▶ _Your instructions_
The required output is the exact run of lines below that opens at the line with "Miniatyrgalleribilde" and closes at the line with "的灵魂人物 的灵魂人物".

########

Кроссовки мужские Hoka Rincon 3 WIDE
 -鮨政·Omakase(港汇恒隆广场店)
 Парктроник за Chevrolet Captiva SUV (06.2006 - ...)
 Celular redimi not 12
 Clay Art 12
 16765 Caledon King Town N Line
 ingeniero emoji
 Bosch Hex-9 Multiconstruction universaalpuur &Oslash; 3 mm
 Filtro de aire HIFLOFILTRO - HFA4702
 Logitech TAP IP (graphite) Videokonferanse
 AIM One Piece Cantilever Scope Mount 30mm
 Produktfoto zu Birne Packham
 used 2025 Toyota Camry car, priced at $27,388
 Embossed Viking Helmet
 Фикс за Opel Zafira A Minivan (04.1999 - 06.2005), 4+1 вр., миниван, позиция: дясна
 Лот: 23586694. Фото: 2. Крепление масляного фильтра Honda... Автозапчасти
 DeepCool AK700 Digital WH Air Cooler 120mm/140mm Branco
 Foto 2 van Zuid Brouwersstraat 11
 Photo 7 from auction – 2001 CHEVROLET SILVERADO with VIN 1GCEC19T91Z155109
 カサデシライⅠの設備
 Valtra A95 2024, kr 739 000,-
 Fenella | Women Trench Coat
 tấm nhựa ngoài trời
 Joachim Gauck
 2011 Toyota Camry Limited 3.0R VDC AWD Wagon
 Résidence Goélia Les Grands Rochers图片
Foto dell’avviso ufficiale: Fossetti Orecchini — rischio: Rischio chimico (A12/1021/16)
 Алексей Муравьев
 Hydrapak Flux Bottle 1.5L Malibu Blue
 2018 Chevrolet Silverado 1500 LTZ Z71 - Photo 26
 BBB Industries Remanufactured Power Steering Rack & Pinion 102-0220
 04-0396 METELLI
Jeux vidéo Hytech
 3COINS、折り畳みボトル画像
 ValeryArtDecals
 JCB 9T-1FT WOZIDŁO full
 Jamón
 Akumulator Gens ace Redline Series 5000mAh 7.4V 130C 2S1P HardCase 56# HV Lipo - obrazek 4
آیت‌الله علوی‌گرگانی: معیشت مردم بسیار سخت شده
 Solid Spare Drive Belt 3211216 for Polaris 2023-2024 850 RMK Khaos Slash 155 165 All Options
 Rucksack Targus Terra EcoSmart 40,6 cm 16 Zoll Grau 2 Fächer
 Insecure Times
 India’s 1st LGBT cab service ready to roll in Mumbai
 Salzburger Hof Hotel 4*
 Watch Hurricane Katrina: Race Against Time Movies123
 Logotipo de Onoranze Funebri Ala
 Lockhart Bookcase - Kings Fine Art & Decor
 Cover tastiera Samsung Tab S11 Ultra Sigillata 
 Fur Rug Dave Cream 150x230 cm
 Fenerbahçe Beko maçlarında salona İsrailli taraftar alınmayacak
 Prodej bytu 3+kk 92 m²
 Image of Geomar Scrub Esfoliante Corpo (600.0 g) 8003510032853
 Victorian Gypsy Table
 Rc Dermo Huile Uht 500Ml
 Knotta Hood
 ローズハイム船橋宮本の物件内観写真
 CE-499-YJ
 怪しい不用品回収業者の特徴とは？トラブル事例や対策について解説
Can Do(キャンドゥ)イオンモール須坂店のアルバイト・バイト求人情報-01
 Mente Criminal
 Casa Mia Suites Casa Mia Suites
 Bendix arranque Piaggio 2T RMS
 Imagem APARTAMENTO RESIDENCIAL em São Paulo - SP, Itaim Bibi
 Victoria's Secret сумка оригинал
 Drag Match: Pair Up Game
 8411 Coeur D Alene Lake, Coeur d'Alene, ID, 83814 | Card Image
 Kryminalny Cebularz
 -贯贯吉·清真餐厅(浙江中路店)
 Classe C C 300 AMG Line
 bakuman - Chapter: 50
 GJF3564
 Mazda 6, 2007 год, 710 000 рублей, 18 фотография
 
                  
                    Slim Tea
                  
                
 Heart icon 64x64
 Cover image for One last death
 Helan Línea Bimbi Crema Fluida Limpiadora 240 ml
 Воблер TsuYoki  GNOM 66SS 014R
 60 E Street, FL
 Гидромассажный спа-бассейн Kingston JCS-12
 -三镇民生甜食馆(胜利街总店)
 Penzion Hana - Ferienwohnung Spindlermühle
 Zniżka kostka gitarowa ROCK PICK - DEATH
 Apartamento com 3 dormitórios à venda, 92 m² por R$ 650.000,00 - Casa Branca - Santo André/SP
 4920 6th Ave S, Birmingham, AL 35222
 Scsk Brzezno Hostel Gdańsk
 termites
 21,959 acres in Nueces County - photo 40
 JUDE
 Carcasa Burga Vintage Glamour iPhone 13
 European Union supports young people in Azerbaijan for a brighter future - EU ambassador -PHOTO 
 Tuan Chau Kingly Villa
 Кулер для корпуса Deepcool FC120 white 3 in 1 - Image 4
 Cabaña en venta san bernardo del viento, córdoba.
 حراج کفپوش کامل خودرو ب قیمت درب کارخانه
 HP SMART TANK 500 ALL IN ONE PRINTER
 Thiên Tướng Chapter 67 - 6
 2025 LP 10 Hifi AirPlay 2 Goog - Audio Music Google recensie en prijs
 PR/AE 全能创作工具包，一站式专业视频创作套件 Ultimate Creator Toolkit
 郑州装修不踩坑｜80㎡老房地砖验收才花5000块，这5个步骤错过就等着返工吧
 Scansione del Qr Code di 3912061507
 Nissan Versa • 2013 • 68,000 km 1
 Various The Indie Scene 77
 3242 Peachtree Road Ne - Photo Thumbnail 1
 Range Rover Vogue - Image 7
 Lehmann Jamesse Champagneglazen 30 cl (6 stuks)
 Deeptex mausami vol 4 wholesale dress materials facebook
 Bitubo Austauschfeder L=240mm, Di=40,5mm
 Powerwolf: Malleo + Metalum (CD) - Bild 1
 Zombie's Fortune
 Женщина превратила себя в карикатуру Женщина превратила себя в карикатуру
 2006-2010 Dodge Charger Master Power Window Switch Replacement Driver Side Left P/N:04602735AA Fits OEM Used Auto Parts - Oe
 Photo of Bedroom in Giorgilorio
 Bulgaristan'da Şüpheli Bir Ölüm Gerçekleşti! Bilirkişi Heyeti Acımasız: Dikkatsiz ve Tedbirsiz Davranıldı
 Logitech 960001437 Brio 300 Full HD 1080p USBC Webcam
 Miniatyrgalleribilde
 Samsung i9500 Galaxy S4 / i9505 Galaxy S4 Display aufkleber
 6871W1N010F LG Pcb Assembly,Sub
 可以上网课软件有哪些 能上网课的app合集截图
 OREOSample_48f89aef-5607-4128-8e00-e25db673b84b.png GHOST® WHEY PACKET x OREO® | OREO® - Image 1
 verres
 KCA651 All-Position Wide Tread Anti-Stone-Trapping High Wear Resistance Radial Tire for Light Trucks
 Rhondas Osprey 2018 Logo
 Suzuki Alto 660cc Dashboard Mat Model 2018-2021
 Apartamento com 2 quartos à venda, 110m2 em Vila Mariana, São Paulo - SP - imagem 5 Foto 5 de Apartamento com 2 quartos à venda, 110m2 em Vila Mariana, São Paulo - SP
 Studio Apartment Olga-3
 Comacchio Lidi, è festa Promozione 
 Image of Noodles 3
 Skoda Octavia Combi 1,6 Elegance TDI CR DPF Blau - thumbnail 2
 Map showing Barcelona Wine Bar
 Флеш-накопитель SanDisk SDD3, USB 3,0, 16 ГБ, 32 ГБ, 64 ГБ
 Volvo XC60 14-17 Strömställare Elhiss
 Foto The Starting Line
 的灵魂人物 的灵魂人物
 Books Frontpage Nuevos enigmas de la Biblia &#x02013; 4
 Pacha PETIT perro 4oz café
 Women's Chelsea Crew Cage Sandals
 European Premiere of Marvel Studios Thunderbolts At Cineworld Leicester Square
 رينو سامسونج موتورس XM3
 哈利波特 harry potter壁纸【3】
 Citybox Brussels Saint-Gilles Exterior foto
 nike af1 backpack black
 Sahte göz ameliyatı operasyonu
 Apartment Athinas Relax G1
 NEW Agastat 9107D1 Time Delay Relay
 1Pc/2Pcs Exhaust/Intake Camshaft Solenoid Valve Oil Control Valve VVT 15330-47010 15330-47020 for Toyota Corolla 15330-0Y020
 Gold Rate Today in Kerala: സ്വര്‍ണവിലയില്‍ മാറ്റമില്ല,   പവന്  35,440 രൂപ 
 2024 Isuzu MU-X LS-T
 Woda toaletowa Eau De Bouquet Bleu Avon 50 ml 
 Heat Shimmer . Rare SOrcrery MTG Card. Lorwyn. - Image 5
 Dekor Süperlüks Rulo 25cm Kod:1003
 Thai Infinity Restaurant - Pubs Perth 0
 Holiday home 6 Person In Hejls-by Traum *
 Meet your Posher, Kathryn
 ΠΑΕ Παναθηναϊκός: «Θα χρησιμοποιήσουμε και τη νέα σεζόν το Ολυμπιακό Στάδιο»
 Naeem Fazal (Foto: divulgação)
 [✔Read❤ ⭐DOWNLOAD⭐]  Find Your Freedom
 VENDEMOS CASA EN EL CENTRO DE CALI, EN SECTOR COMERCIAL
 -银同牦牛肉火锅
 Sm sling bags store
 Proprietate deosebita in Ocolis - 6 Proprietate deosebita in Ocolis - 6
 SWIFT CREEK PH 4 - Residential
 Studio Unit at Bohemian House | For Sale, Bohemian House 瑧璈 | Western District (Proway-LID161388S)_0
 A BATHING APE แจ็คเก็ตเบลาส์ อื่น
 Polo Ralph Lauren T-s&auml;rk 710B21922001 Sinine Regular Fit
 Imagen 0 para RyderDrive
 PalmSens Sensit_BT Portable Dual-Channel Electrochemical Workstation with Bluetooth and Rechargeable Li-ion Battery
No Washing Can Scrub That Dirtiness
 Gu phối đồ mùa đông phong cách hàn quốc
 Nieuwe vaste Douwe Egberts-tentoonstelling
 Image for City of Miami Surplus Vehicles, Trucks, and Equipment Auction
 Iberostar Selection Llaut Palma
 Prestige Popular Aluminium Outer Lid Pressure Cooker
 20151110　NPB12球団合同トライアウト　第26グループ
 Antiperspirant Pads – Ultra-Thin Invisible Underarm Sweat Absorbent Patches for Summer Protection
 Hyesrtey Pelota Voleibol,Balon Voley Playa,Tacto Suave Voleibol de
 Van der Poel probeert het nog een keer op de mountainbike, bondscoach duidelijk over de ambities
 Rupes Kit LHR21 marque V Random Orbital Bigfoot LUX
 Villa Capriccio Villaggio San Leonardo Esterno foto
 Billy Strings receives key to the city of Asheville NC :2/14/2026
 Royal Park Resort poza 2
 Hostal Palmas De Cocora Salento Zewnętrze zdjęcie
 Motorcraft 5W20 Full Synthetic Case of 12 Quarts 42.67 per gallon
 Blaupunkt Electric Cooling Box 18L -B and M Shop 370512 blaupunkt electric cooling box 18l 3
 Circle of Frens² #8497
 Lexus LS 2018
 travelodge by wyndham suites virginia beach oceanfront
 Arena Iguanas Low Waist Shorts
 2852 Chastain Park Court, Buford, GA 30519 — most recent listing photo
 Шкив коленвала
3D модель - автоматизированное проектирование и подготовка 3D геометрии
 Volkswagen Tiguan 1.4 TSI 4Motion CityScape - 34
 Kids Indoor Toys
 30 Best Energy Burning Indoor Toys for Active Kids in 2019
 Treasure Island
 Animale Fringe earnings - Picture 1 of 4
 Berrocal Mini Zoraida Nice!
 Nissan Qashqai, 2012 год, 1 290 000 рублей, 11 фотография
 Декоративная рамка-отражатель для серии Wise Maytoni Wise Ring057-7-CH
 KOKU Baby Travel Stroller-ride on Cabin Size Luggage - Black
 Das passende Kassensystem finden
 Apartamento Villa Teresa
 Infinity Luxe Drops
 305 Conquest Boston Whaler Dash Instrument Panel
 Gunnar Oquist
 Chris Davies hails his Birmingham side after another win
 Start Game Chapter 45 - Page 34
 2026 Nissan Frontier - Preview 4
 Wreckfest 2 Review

########

▶ _Result_
 Miniatyrgalleribilde
 Samsung i9500 Galaxy S4 / i9505 Galaxy S4 Display aufkleber
 6871W1N010F LG Pcb Assembly,Sub
 可以上网课软件有哪些 能上网课的app合集截图
 OREOSample_48f89aef-5607-4128-8e00-e25db673b84b.png GHOST® WHEY PACKET x OREO® | OREO® - Image 1
 verres
 KCA651 All-Position Wide Tread Anti-Stone-Trapping High Wear Resistance Radial Tire for Light Trucks
 Rhondas Osprey 2018 Logo
 Suzuki Alto 660cc Dashboard Mat Model 2018-2021
 Apartamento com 2 quartos à venda, 110m2 em Vila Mariana, São Paulo - SP - imagem 5 Foto 5 de Apartamento com 2 quartos à venda, 110m2 em Vila Mariana, São Paulo - SP
 Studio Apartment Olga-3
 Comacchio Lidi, è festa Promozione 
 Image of Noodles 3
 Skoda Octavia Combi 1,6 Elegance TDI CR DPF Blau - thumbnail 2
 Map showing Barcelona Wine Bar
 Флеш-накопитель SanDisk SDD3, USB 3,0, 16 ГБ, 32 ГБ, 64 ГБ
 Volvo XC60 14-17 Strömställare Elhiss
 Foto The Starting Line
 的灵魂人物 的灵魂人物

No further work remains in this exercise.